ニュース: 経済・IT RSS feed
【松下電器・90年目の決断】(上)「タブーを打ち破れ」 (2/3ページ)
このニュースのトピックス:家電
「うまいことやりましたなあ。うちは去年、創業者が亡くなったからねえ」
この言葉を裏付けるように、谷井の社長時代の元役員は「実はパナ(PANA)に社名変更しようと検討したことがあった。ブランド名に近い社名の方がいいという声が出たためだ」と打ち明ける。

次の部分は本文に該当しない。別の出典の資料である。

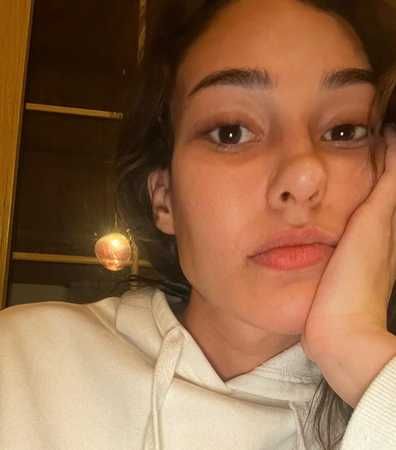 28 yaşındaki Dilan Çiçek Deniz, Seda Sayan’a özendi! Yüz estetiği ile eleştiri yağmuruna tutuldu! “Neden kendine bunu yaptın?” 2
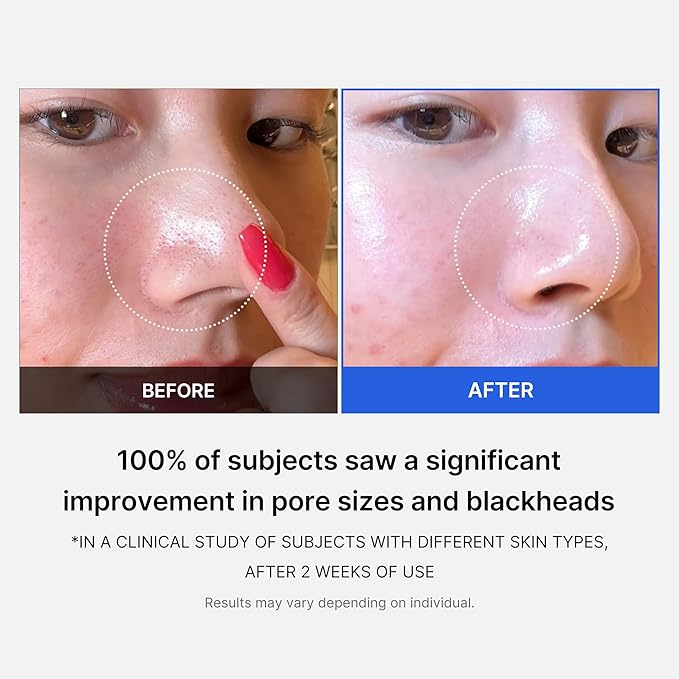 Medicube zero pore pad 2.0 155 g / 5.46 oz / 70 pads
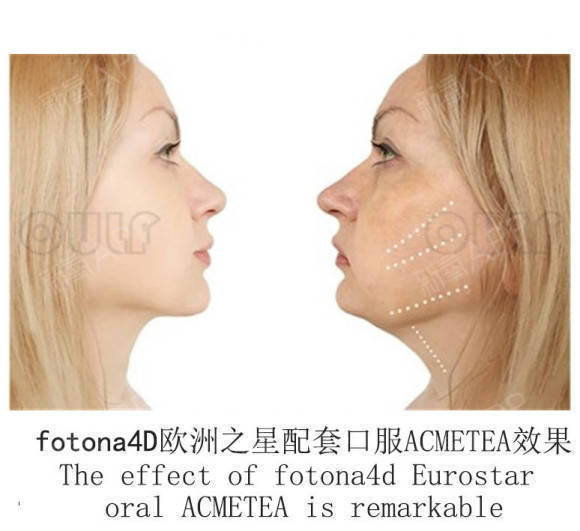 治疗欧洲之星做完多久有效果,隔壁阿姨一把年纪还那么爱美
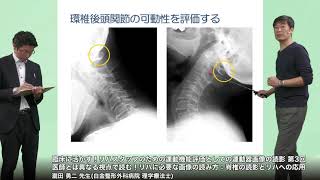 臨床に活かす！リハスタッフのための運動機能評価としての運動器画像の読影 (3)医師とは異なる視点で読む！リハに必要な画像の読み方：脊椎の読影とリハへの応用(瀧田 勇二 先生)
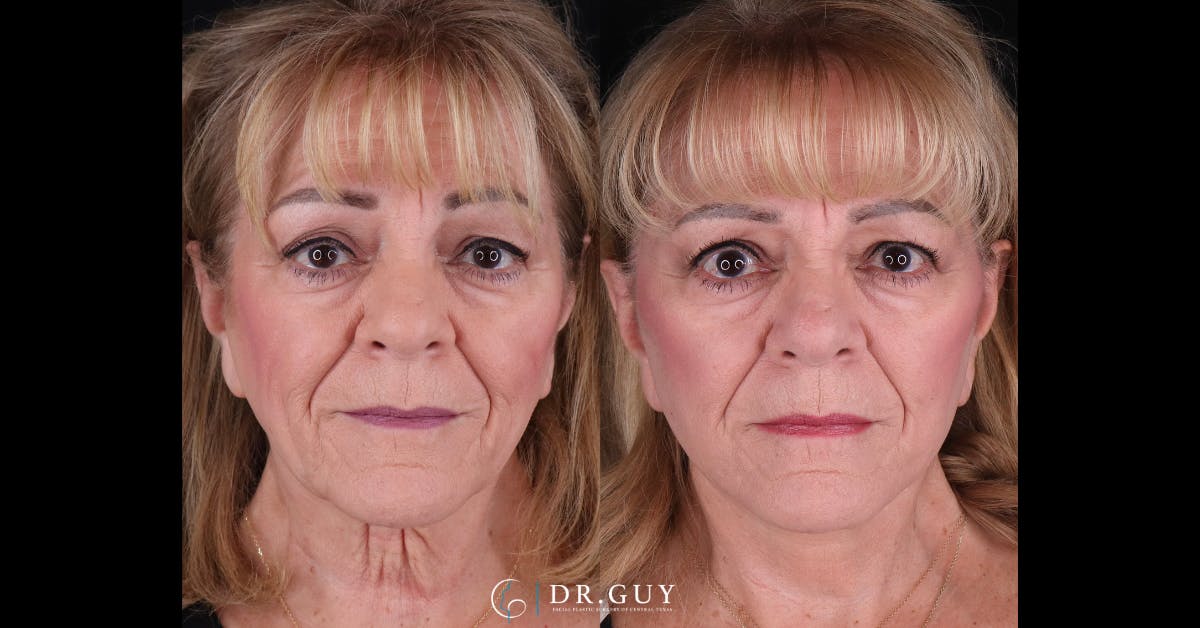 Facelift Before & After Gallery - Patient 521318 - Image 1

昭和33年、東京通信工業がソニーに、45年には早川電機工業がシャープになるなど、電機業界では社名とブランドの統一で効果を上げる例が増えていた。特にライバル、ソニー(SONY)ブランドの米国における知名度の高さは、松下電器の意欲をそそった。
しかし、議論は立ち消えに終わる。関係者によると「正治さんがうるさかった。議論を始められなかった」という。「経営の神様」として、幸之助の神格化に拍車がかかったことも影響した。
□ □ □
変化は、4000億円以上の最終赤字計上を余儀なくされた平成13年度に訪れる。松下電器ほどの企業でも、「安泰ではない」との危機感が広まったからだ。
「創業者の経営理念以外、すべて破壊する」
過去最大の転機に社長だった中村邦夫(現会長)は、こう宣言した。
幸之助が独創した社内組織のひとつに、テレビやビデオなど製品別に設けられた「事業部制」がある。
高度成長時代、事業部同士が競いあって業績拡大の牽引(けんいん)役を果たしたが、バブル崩壊以降、製品やサービスの重複は足かせとなった。グループ内の無駄な競争が、大赤字のきっかけを生んだためだ。